Because of this, we are inundated with shark related programming. I like to think that “Summer of the Shark ’13” truly started with SyFy’s release of Sharknado.
Sharknado, if you are unaware, is a so-bad-it’s-actually-good(?) low budget TV movie whose premise is as follows: ahem, a butt-load of sharks have assembled into a super-school which is then intercepted by a hurricane that contains multiple water spouts; these hit Los Angeles, where Tara Reid (the second best actor in the film) and her family (which includes her estranged husband) struggle to survive.
The best actor is the one with the chainsaw in his mouth.
As far as bad movies go, it didn’t suck. Of course, as expected in bad movies, it was rife with cheesy one-liners (“We’re gonna need a bigger chopper!”) and horrible special effects. But the one-liners could’ve been cheesier and the special effects could’ve been horribler. I truly wish Sharknado were more ridiculous, because it was pretty boring (believe it or not).
Hopefully SyFy’s Ghost Shark, premiering next week is better (or worse?).
Then came shark week. Now, here is where this week’s newsletter is going to polarize the audience.

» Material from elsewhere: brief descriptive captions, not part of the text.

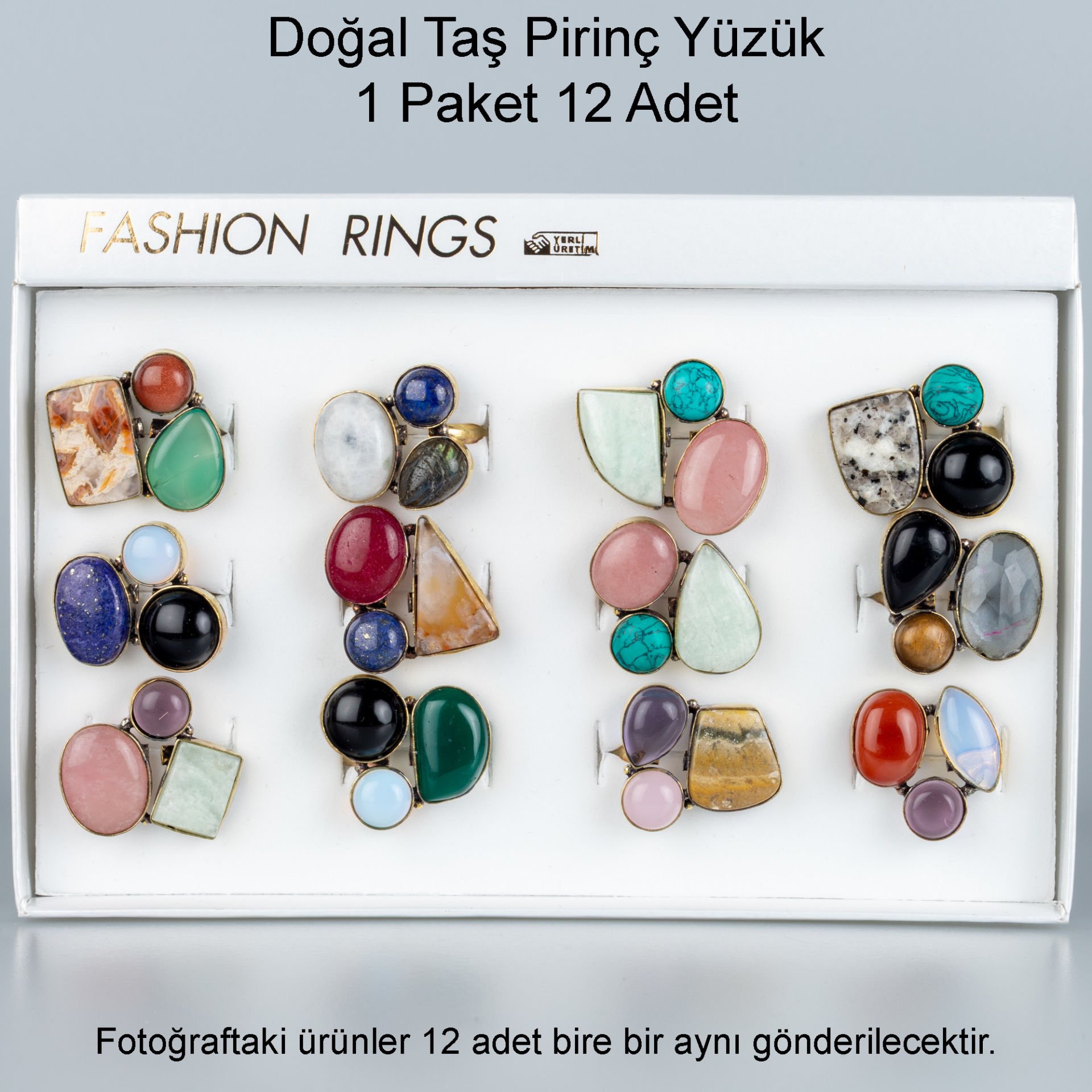 Doğal Taş Pirinç Yüzük-Paket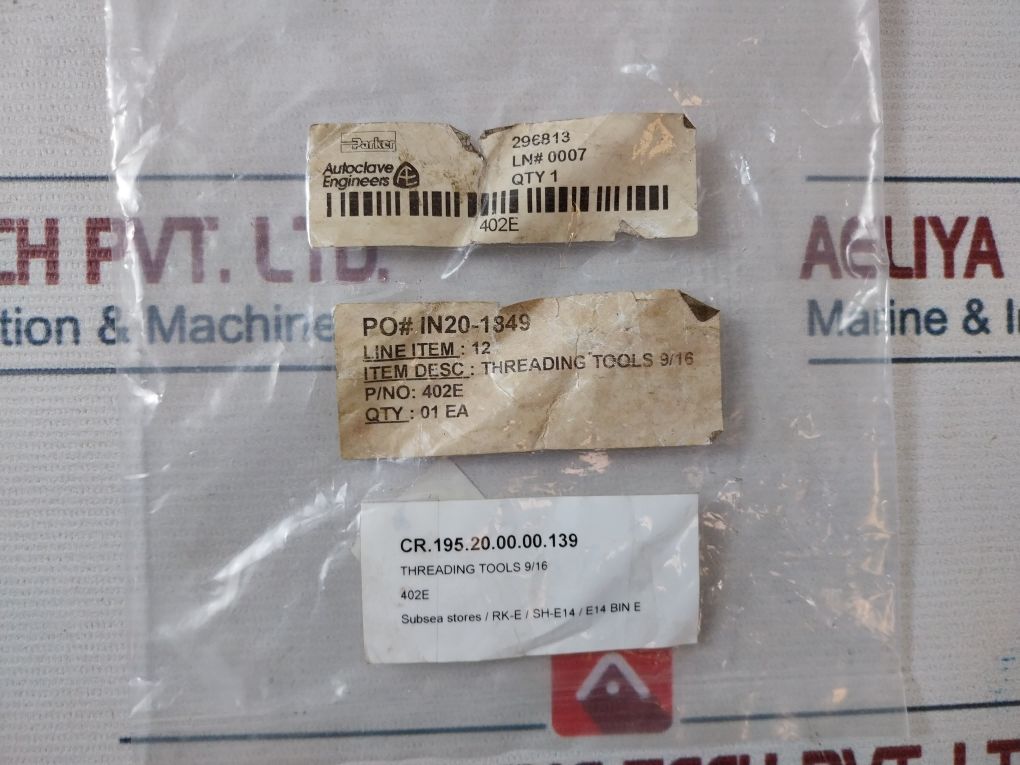 Parker 402E Threading Tools 9/16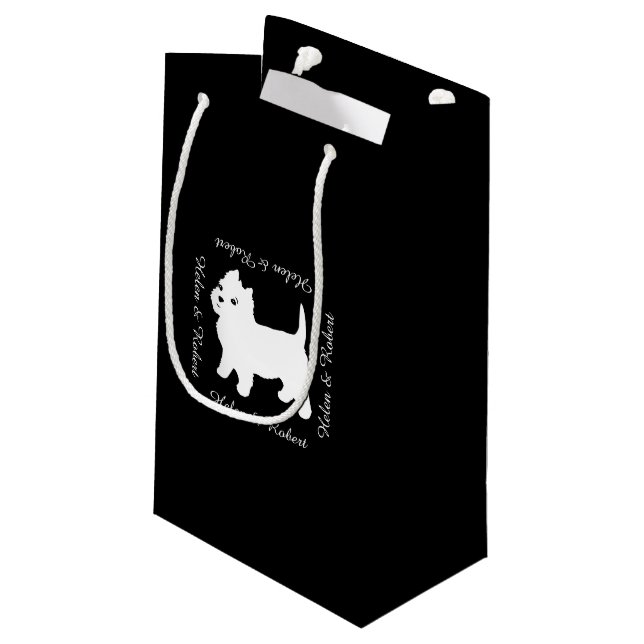Cutest Little Westie Dog - Westhighland Terrier Small Gift Bag (Back Angled)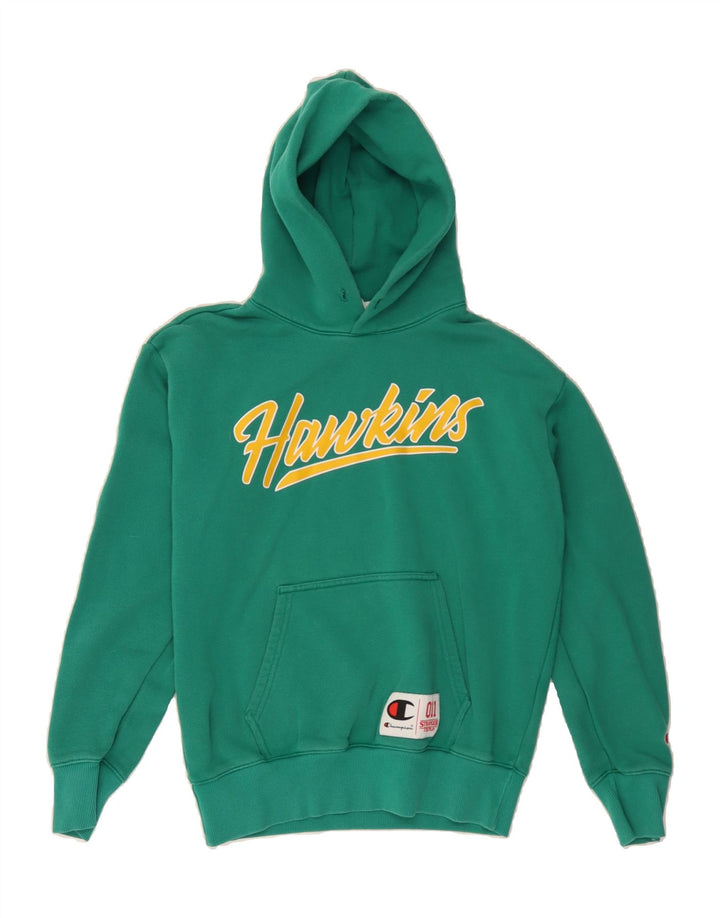 CHAMPION Mens Peter Hawkings Graphic Hoodie Jumper XS Green Cotton Vintage Champion and Second-Hand Champion from Messina Hembry 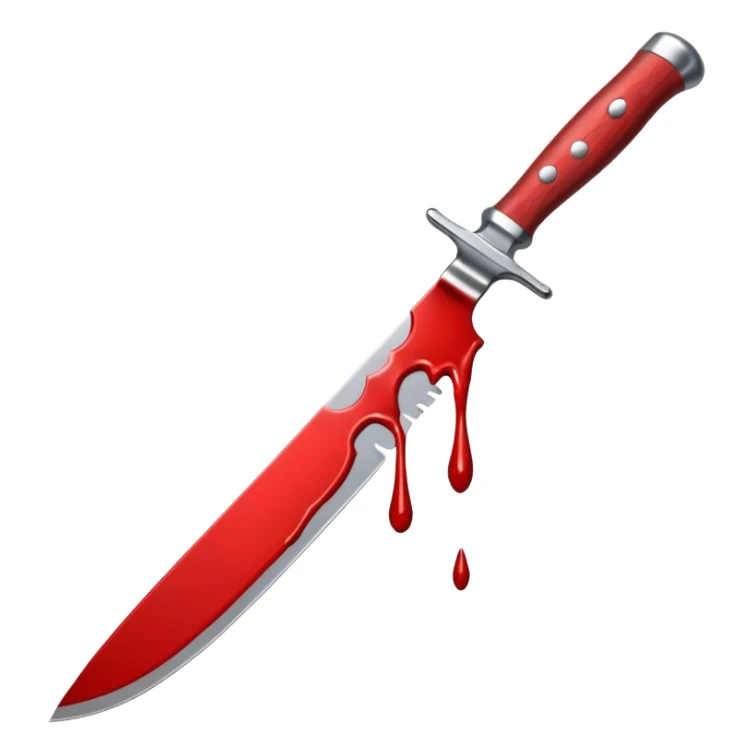 A blood dripping knife pointing diagonal, in the style of your bleeding skull art sticker
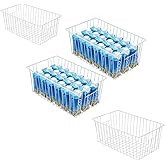 Y.Z.Bros 16inch Upright Freezer Organizer Baskets for 13-14,16-21 cu.ft Standup Freezer, Settle freezer chaos and reduce food waste effectively, Durable, Fully Use Space, Improve Air Circulate,Pack 4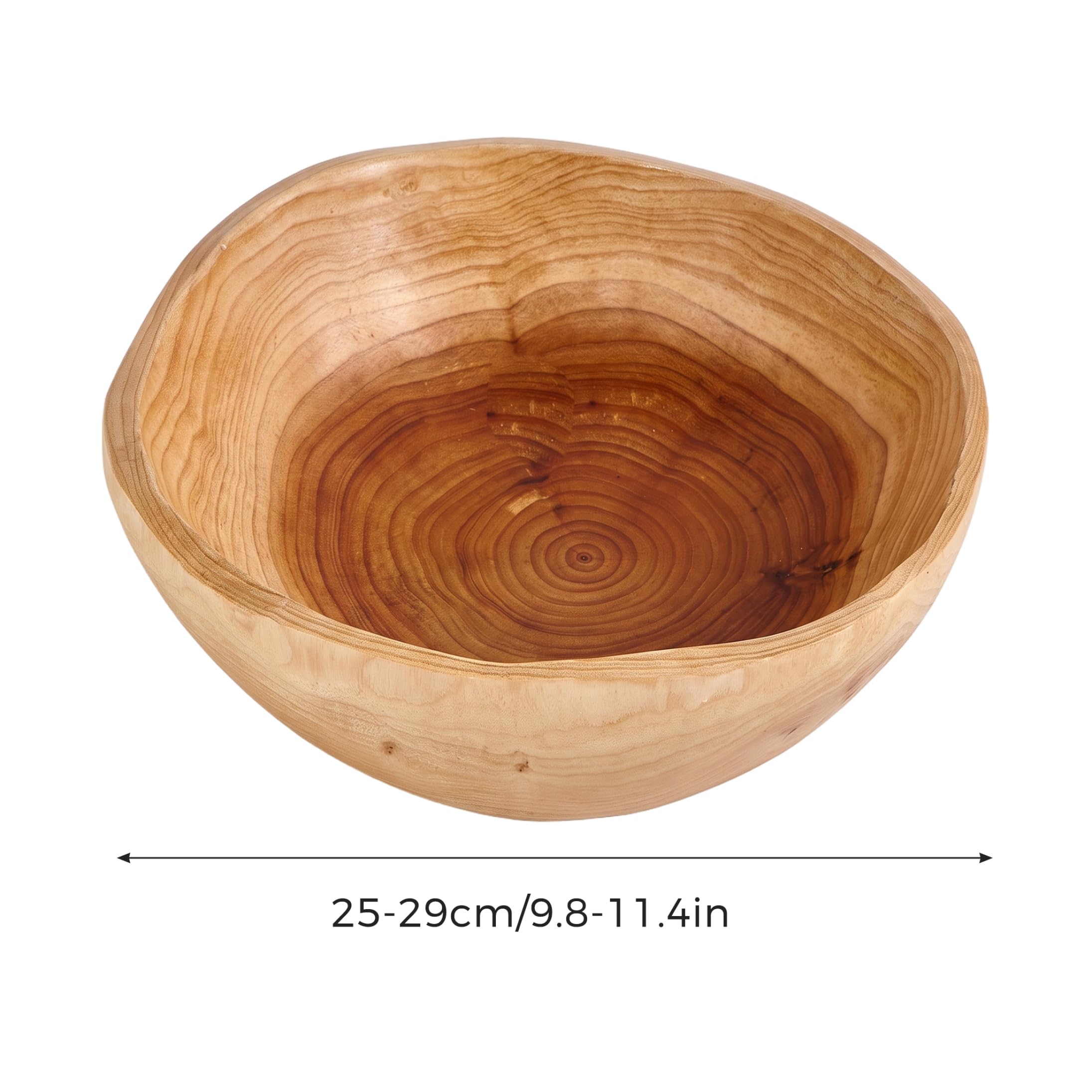 Bol en bois avec bol décoratif à revêtement de grain naturel, 10-11 pouces | Lisse sans bord, construction robuste, lavage facile, convient aux fruits, salades, bijoux, clés.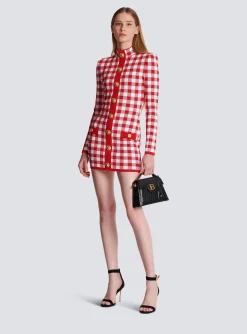 Shop Gingham Fine Knit Dress Women Knitwear|Dresses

Remember when you turned on the Discovery Channel to learn something? Not anymore. Discovery (and its sister channels) has spent the past few years disposing of education, opting to shock and awe audiences (Here Comes Honey Boo-Boo, Amish Mafia, etc.). The Shark Week opener was a fake 2-hour long documentary, complete with CGI footage and doctored photos, “proving” that the Megalodon (an extinct 100 foot shark) is still roaming the oceans.
From a business standpoint, however, Discovery freaking rocked it, Averaging over 4.5 million viewers a night.
Discovery’s raison d’etre
You may be saying, “Figgz, you’re too damn sensitive,” and you may be right. But when Tara Reid is given airtime on the same channel to claim that a whale shark is formed when a whale and shark have sex…
I think it is this shark week that has finally driven the nail into the coffin. I’m taking my eyeballs where they’ll be challenged.